Ah, the "rejected in the schedule stage" is what I'm missing. But that creates
a gross ABI, because IIUC, event creation will "randomly" succeed based on whether
or not a CPU happens to be running in a KVM guest. I.e. it's not just the kernel
code that has races, the entire event creation is one big race.
What if perf had a global knob to enable/disable mediate PMU support? Then when
KVM is loaded with enable_mediated_true, call into perf to (a) check that there
are no existing !exclude_guest events (this part could be optional), and (b) set
the global knob to reject all new !exclude_guest events (for the core PMU?).

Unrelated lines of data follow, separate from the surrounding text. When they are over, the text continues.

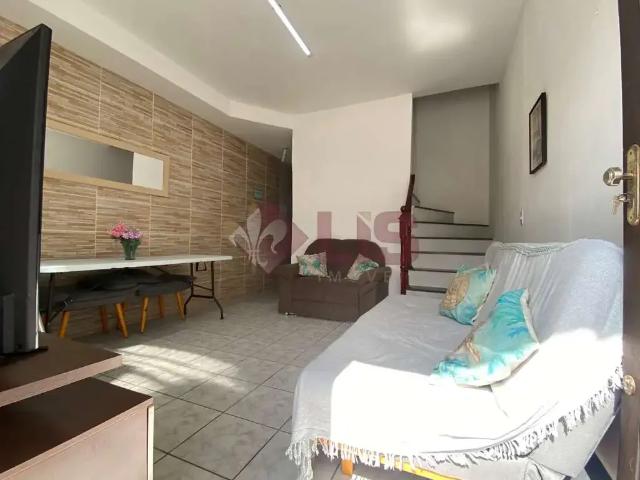 Casa / Sobrado para Locação em Caraguatatuba/SP Martim de Sá 2 Quartos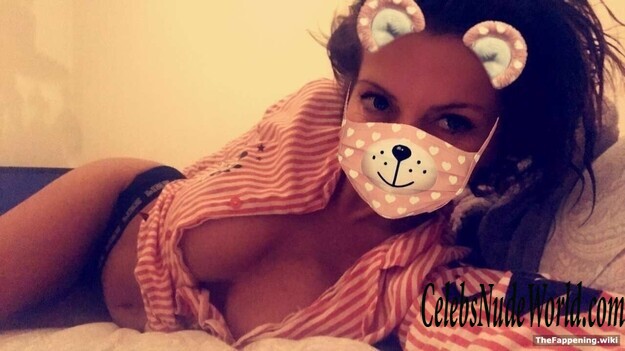 Danniella Westbrook Nude 213547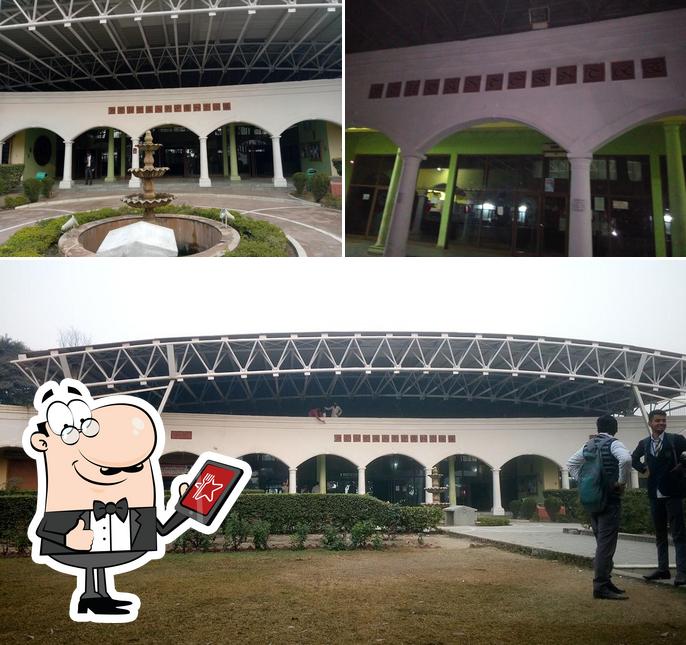 Check out how Coer Cafeteria looks outside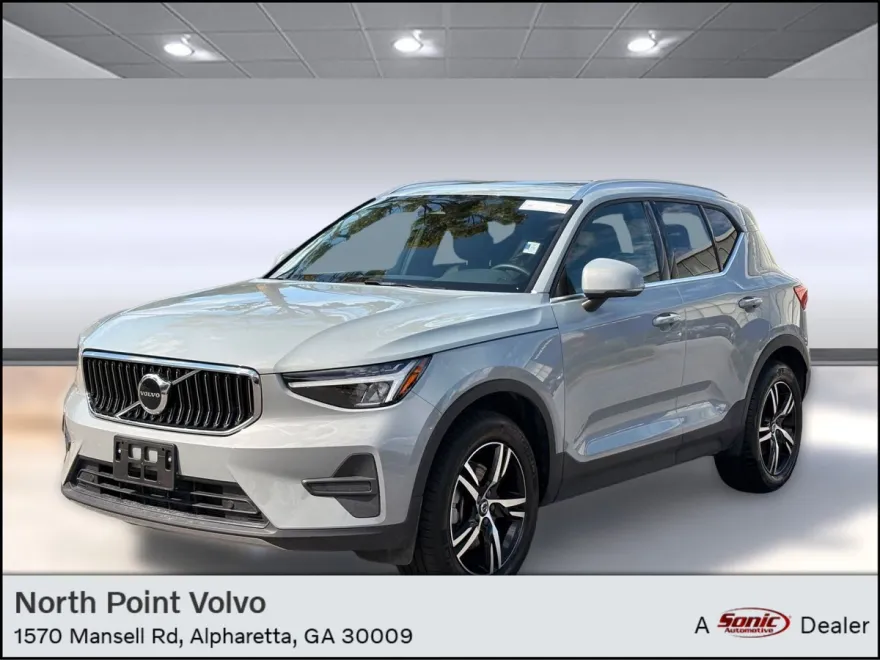 2025 Volvo XC40 AWD Core photo 1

Hmm, or probably better, do it at VM creation. That has the advantage of playing
nice with CONFIG_KVM=y (perf could reject the enabling without completely breaking
KVM), and not causing problems if KVM is auto-probed but the user doesn't actually
want to run VMs.
E.g. (very roughly)
int x86_perf_get_mediated_pmu(void)
{
if (refcount_inc_not_zero(...))
return 0;
if (<system wide events>)
return -EBUSY;
<slow path with locking>
}
void x86_perf_put_mediated_pmu(void)
{
if (!refcount_dec_and_test(...))
return;
<slow path with locking>
}
diff --git a/arch/x86/kvm/x86.c b/arch/x86/kvm/x86.c
index 1bbf312cbd73..f2994377ef44 100644
--- a/arch/x86/kvm/x86.c
+++ b/arch/x86/kvm/x86.c
@@ -12467,6 +12467,12 @@ int kvm_arch_init_vm(struct kvm *kvm, unsigned long type)
if (type)
return -EINVAL;
+ if (enable_mediated_pmu)
+ ret = x86_perf_get_mediated_pmu();
+ if (ret)
+ return ret;
+ }
+
ret = kvm_page_track_init(kvm);
if (ret)
goto out;
@@ -12518,6 +12524,7 @@ int kvm_arch_init_vm(struct kvm *kvm, unsigned long type)
kvm_mmu_uninit_vm(kvm);
kvm_page_track_cleanup(kvm);
out:
+ x86_perf_put_mediated_pmu();
return ret;
}
@@ -12659,6 +12666,7 @@ void kvm_arch_destroy_vm(struct kvm *kvm)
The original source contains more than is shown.